I'd be really interested to hear people's experiences of implementing global solvers for curve construction, especially with regard to how robust the approach is in practice, numerical performance, stability of the resulting Greeks and Jacobian. The topic is well laid out here, with some good examples. I'm interested in other practitioner's views on the approach, any pitfalls of this method and things to be careful of.
By way of background, as the book explains very clearly, the need for global curve construction arises when we build a series of curves that depend on each other and therefore cannot be constructed using a sequential bootstrap. A good example given in the above book is the AUD curve, whereby IR swaps are quarterly upto 3y and semiannual thereafter, with quarterly vs semi-annual basis swaps available across the entire maturity spectrum, thereby requiring 3M and 6M forward curves to be build simultaneously. Another example is in the upcoming demise of LIBOR, where for the case of USD market participants, some combination of LIBOR/SOFR, LIBOR/FF or FF/SOFR could be used to build the relevant curves.
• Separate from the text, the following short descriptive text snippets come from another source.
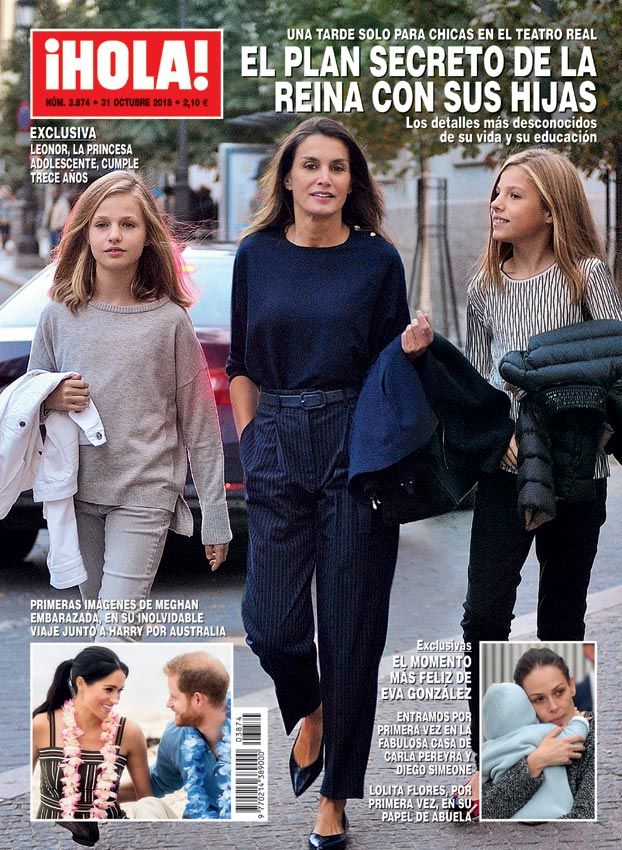 Princesa Leonor, infanta Sofía y reina Letizia
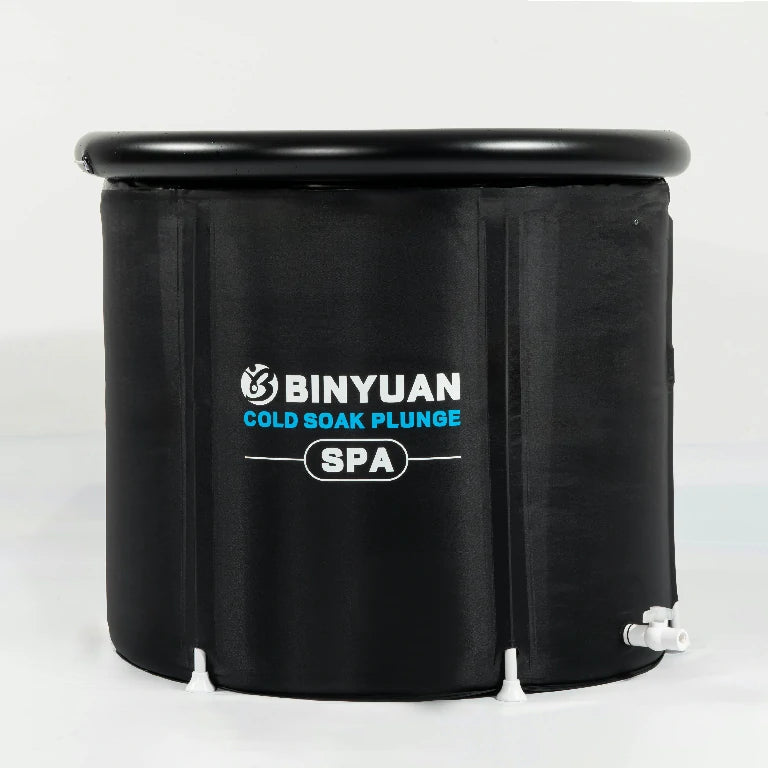 Portable Halrove adult bath tub foldable design, perfect for outdoor use and muscle recovery.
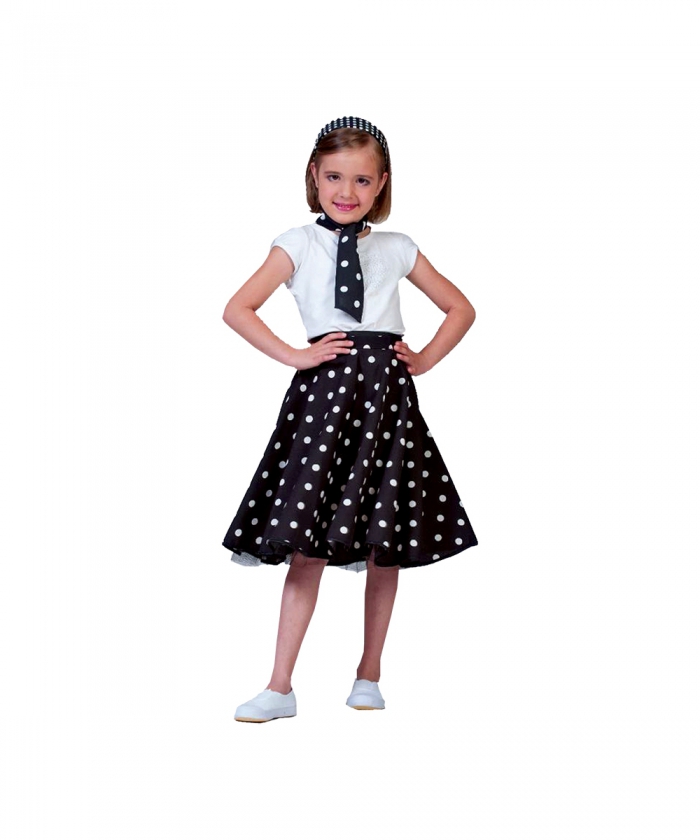 Black Sock Hop Kids Costume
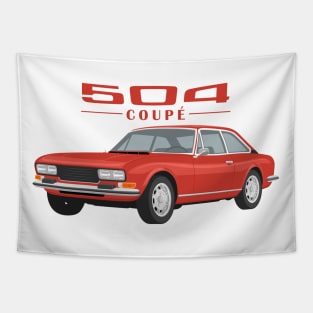 504 Coupé Cabriolet Coupe red Tapestry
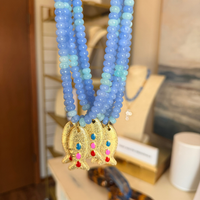 laguna fish gemstone necklace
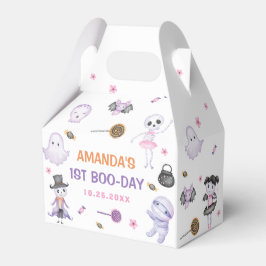 Spooky Halloween Ghost 1st Birthday Party Bedankdoosjes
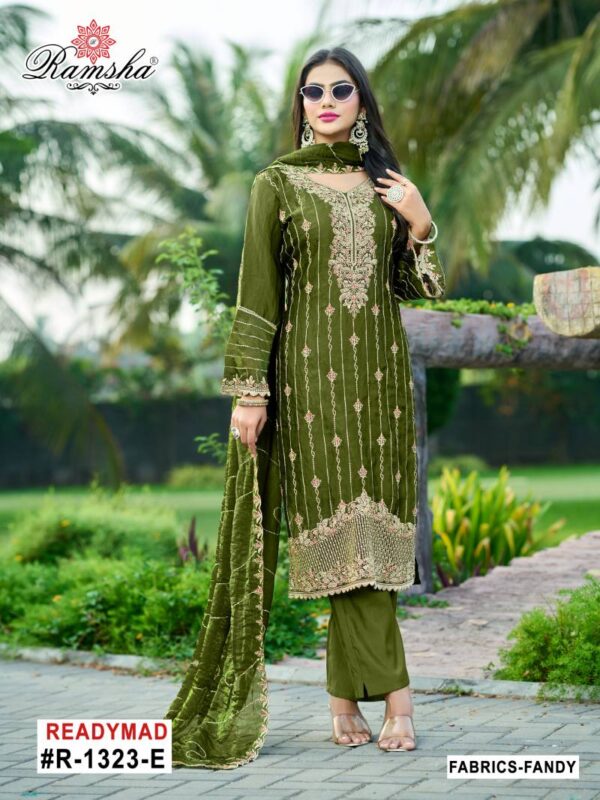 Ramsha R 1323 E To H Ready Made Salwar Suits Wholesale Catalog Collection Supplier - Image 3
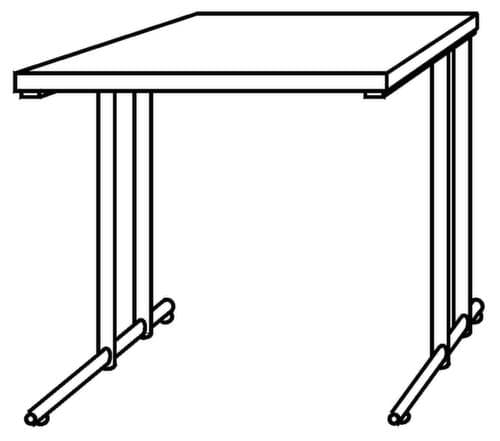 Schreibtisch Terra Nova mit C-Fußgestell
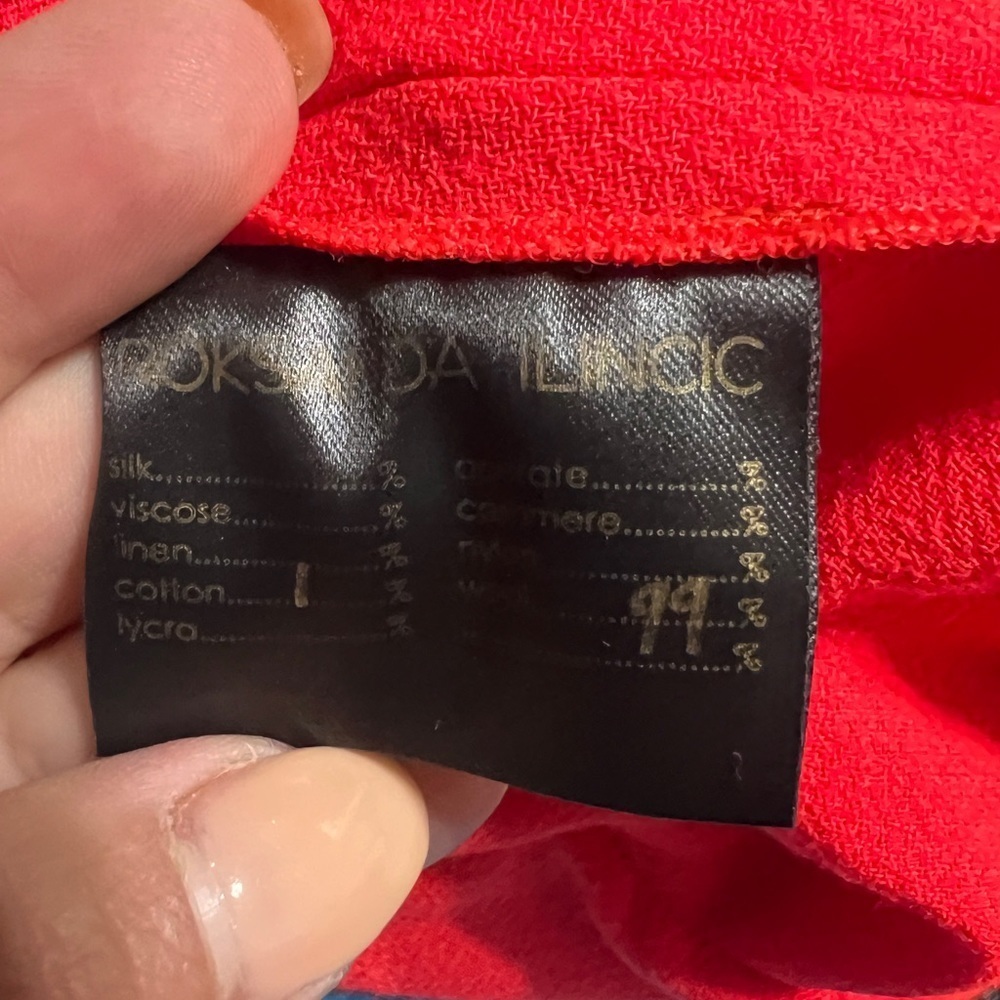 RARE Roksanda Ilincic Suzu Color Block wool Dress Size 10 - Picture 10 of 13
For the global curve construction, the numerical algorithm that appears to be used is a multi-dimensional Newton solver. One query I had was whether people frequently encounter the case that as the number of instruments increases, it may not be possible to find a multi-dimensional root, i.e. to solve for the discount factors that exactly reprice the market quotes. If this occurs, what are the typical work-arounds? Any difference in performance depending on which interpolation scheme is used?
Also, for a bank which may have say 100 currency curves to build, what would be a sensible way of setting up the solver? I'm guessing that a global solver with 1000s of instruments to price across all currencies is not the way forward. Is it common to say calibrate individual currencies curves at a time, combining them with the cross-currency basis swaps if basis adjusted curves are required?